The battle between mutual funds and exchange-traded funds is over. ETFs won.

It wasn’t easy. ETFs have been around for nearly three decades, and hardly anyone noticed for a long time. The first ETF, State Street’s SPDR S&P 500 ETF Trust, debuted in 1993. By the mid-2000s, there were roughly 350 ETFs, but the industry had gathered just $320 billion from investors from 1996 to 2006, according to Morningstar’s earliest available numbers. Meanwhile, mutual funds scooped up close to $2.3 trillion during the same time, their ranks swelling to 6,500 funds at the end of 2006.

Indeed, the mutual fund industry was a formidable adversary when ETFs came along. It reliably generated tens of billions of dollars a year in fees, mostly from high-priced actively managed funds, so it was plenty motivated to keep the cash flowing. It paraded its star managers to distract investors from mounting evidence that most managers fail to beat their benchmarks. It paid kickbacks to a sprawling network of brokers and advisers who stuffed client portfolios with expensive funds. It was also fortunate that the dot-com crash in 2000 hit internet companies and growth stocks hardest, sparing active managers who had avoided them and shielding their investors from much of the wreckage.    

The next crash wasn’t as forgiving, and it gave ETFs their big break. The financial crisis ripped through markets beginning in late 2007. Managers had few places to hide, and actively managed mutual funds took a beating. Disappointed investors started shopping around. “There was a huge rush into passive investing,” Dave Nadig, director of research for ETF Trends, told me. “Investors flushed their overpriced benchmark-hugging active funds and reallocated to cheap and boring ones, having had their hands burned. They also took tax hits from decades’ old positions, either saying ‘enough is enough’ or booking actual tax losses.”
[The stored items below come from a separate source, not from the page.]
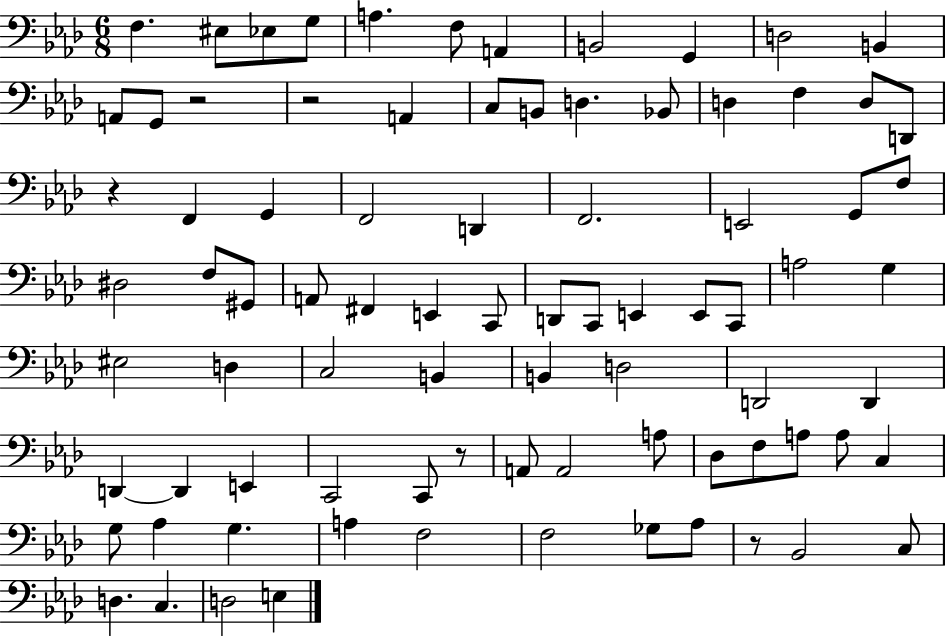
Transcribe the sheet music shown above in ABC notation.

X:1
T:Untitled
M:6/8
L:1/4
K:Ab
F, ^E,/2 _E,/2 G,/2 A, F,/2 A,, B,,2 G,, D,2 B,, A,,/2 G,,/2 z2 z2 A,, C,/2 B,,/2 D, _B,,/2 D, F, D,/2 D,,/2 z F,, G,, F,,2 D,, F,,2 E,,2 G,,/2 F,/2 ^D,2 F,/2 ^G,,/2 A,,/2 ^F,, E,, C,,/2 D,,/2 C,,/2 E,, E,,/2 C,,/2 A,2 G, ^E,2 D, C,2 B,, B,, D,2 D,,2 D,, D,, D,, E,, C,,2 C,,/2 z/2 A,,/2 A,,2 A,/2 _D,/2 F,/2 A,/2 A,/2 C, G,/2 _A, G, A, F,2 F,2 _G,/2 _A,/2 z/2 _B,,2 C,/2 D, C, D,2 E,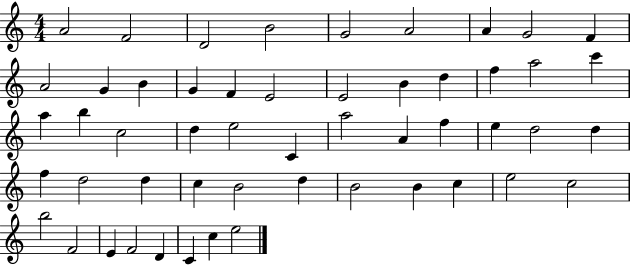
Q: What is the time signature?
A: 4/4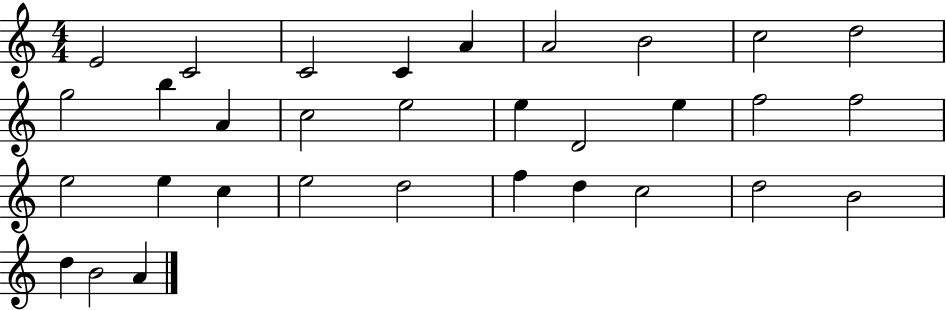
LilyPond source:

{
  \clef treble
  \numericTimeSignature
  \time 4/4
  \key c \major
  e'2 c'2 | c'2 c'4 a'4 | a'2 b'2 | c''2 d''2 | \break g''2 b''4 a'4 | c''2 e''2 | e''4 d'2 e''4 | f''2 f''2 | \break e''2 e''4 c''4 | e''2 d''2 | f''4 d''4 c''2 | d''2 b'2 | \break d''4 b'2 a'4 | \bar "|."
}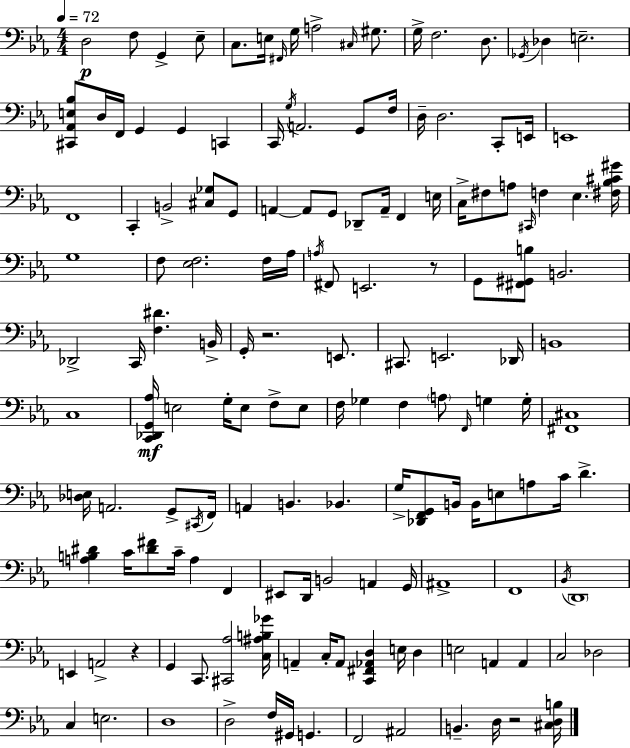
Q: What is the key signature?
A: C minor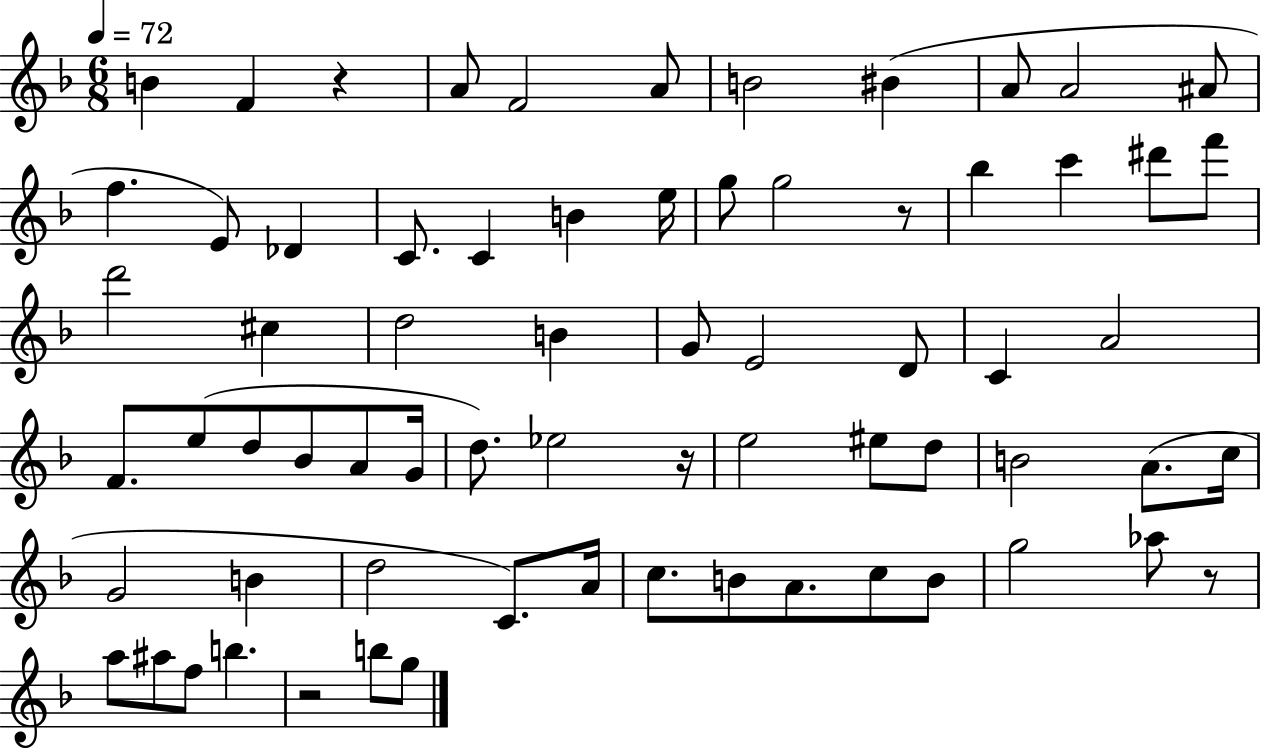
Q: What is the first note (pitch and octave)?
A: B4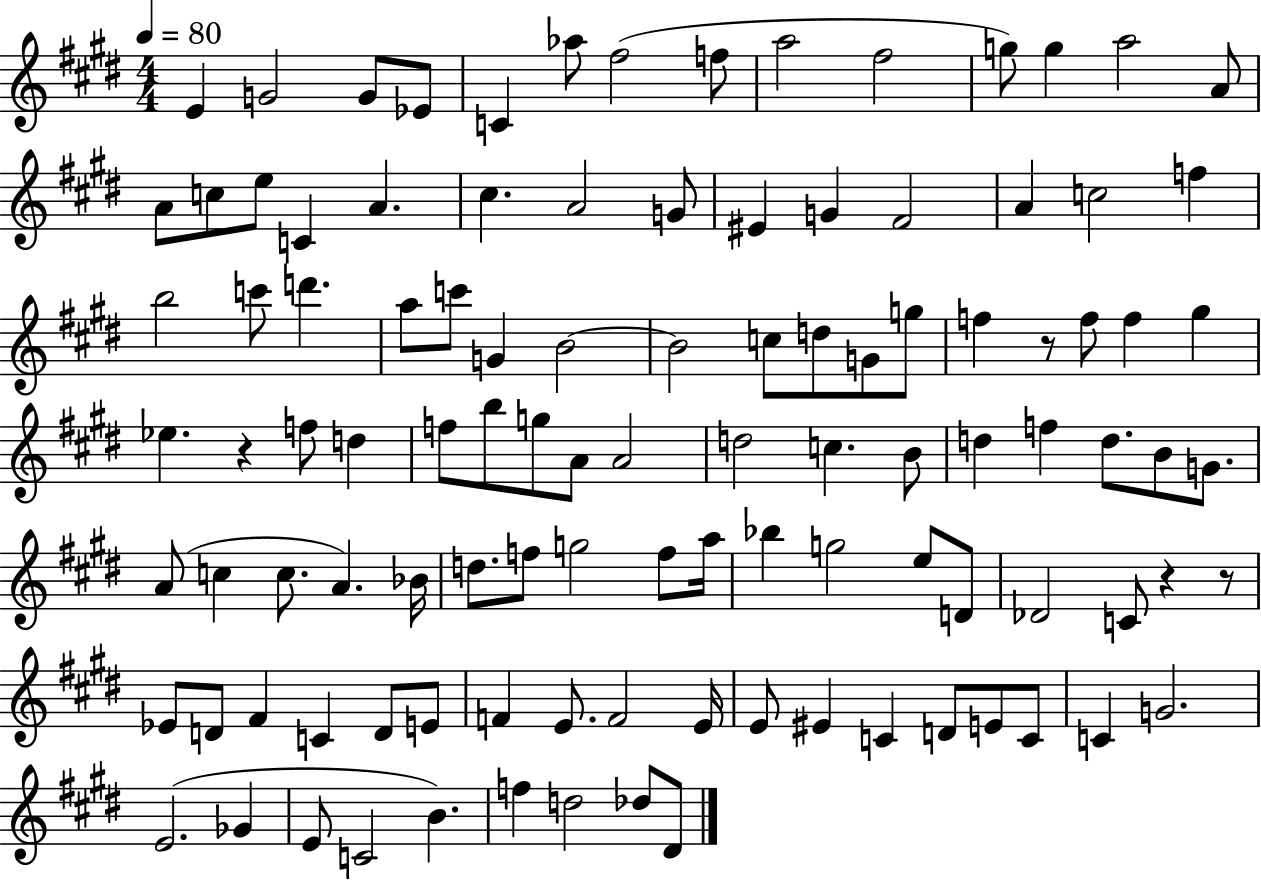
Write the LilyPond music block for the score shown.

{
  \clef treble
  \numericTimeSignature
  \time 4/4
  \key e \major
  \tempo 4 = 80
  e'4 g'2 g'8 ees'8 | c'4 aes''8 fis''2( f''8 | a''2 fis''2 | g''8) g''4 a''2 a'8 | \break a'8 c''8 e''8 c'4 a'4. | cis''4. a'2 g'8 | eis'4 g'4 fis'2 | a'4 c''2 f''4 | \break b''2 c'''8 d'''4. | a''8 c'''8 g'4 b'2~~ | b'2 c''8 d''8 g'8 g''8 | f''4 r8 f''8 f''4 gis''4 | \break ees''4. r4 f''8 d''4 | f''8 b''8 g''8 a'8 a'2 | d''2 c''4. b'8 | d''4 f''4 d''8. b'8 g'8. | \break a'8( c''4 c''8. a'4.) bes'16 | d''8. f''8 g''2 f''8 a''16 | bes''4 g''2 e''8 d'8 | des'2 c'8 r4 r8 | \break ees'8 d'8 fis'4 c'4 d'8 e'8 | f'4 e'8. f'2 e'16 | e'8 eis'4 c'4 d'8 e'8 c'8 | c'4 g'2. | \break e'2.( ges'4 | e'8 c'2 b'4.) | f''4 d''2 des''8 dis'8 | \bar "|."
}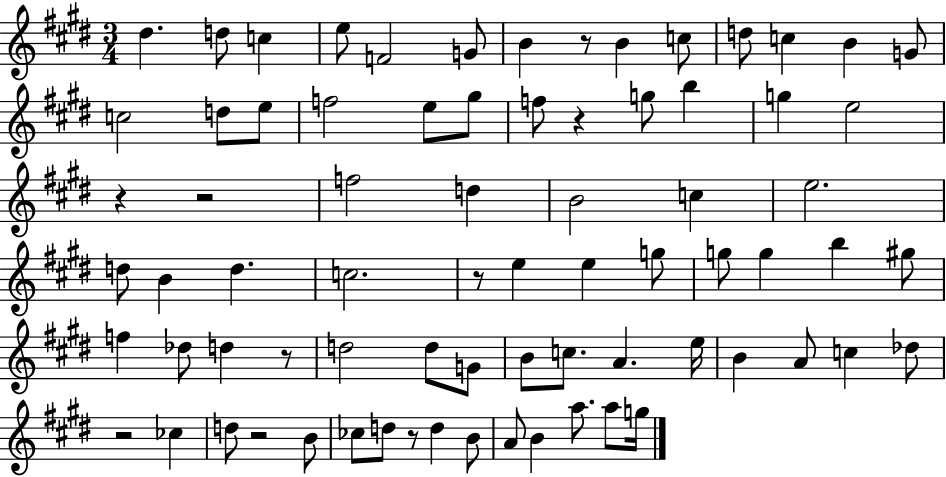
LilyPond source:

{
  \clef treble
  \numericTimeSignature
  \time 3/4
  \key e \major
  \repeat volta 2 { dis''4. d''8 c''4 | e''8 f'2 g'8 | b'4 r8 b'4 c''8 | d''8 c''4 b'4 g'8 | \break c''2 d''8 e''8 | f''2 e''8 gis''8 | f''8 r4 g''8 b''4 | g''4 e''2 | \break r4 r2 | f''2 d''4 | b'2 c''4 | e''2. | \break d''8 b'4 d''4. | c''2. | r8 e''4 e''4 g''8 | g''8 g''4 b''4 gis''8 | \break f''4 des''8 d''4 r8 | d''2 d''8 g'8 | b'8 c''8. a'4. e''16 | b'4 a'8 c''4 des''8 | \break r2 ces''4 | d''8 r2 b'8 | ces''8 d''8 r8 d''4 b'8 | a'8 b'4 a''8. a''8 g''16 | \break } \bar "|."
}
ETFs, with their stable of low-cost index funds that tracked broad markets, were perfectly positioned to give investors what they wanted. They took in an additional $300 billion in 2007 and 2008, and the money kept pouring in from there. Investors have handed $4 trillion to ETFs since 2007 through August, compared with $1.6 trillion for mutual funds. And there are now more than 2,500 ETFs, while the number of mutual funds is down modestly to around 6,300 since 2006.

Looking back, it’s a wonder it took investors so long to discover ETFs. While they’re almost identical to mutual funds, ETFs differ in two ways that give them a demonstrable edge. One is cost. The median expense ratio for U.S.-based ETFs is 0.5% a year, compared with 0.93% across all share classes of mutual funds. The savings can add up to tens of thousands of dollars or more over an investing lifetime.

ETFs are also more tax efficient. When investors pull money from a mutual fund, the fund must sell some of its holdings to generate the necessary cash. If those holdings have appreciated in value, the fund’s remaining shareholders are stuck with the tax bill. ETFs, by contrast, trade like stocks — investors buy and sell ETFs from one another, so the fund isn’t involved and its investments undisturbed. (I’m referring to open-end mutual funds, which is what most investors own. Closed-end mutual funds trade like ETFs.)

Trading like stocks has other advantages. ETFs trade all day, so investors see the price when they buy and sell. Mutual funds, on the other hand, are priced at the end of the day at the fund’s net asset value (NAV), or the value of its holdings at market close. Investors must therefore place trades without knowing the price, which can result in unwanted surprises on volatile days. Most mutual funds also impose minimum investments, whereas anyone can buy an ETF. Some brokers even allow investors to purchase fractional ETF shares, so they can get started with just a few dollars.     

ETFs have some downsides, but they’re easy to navigate. For one, ETFs typically don’t trade at NAV, so it’s possible to pay more than the fund’s underlying holdings are worth. Investors can manage that risk by choosing ETFs that closely hug their NAV, and most do. Roughly two-thirds of ETFs traded at an average premium to NAV of 0.1% or less during the past 12 months, and about a third of those traded at a discount. Also, like all traders, ETF investors must make sure their trades are executed at or near the quoted price. The risk of an errant trade is exceedingly low for ETFs with a lot of trading volume. For thinly traded ETFs, investors can use limit orders to specify the least favorable price they’re willing to accept. 

The Covid-19 sell-off last year further accelerated flows to ETFs. They’ve taken in close to $1.1 trillion since 2020 through August, compared with just $24 billion for mutual funds. And that lead is likely to widen. ETFs have expanded their lineup since the financial crisis to include every conceivable style of investing — essentially, anything mutual funds can do, ETFs can now do more cheaply — and cryptocurrency ETFs are probably not far off. They even have Cathie Wood of ARK Invest, arguably the only star manager left.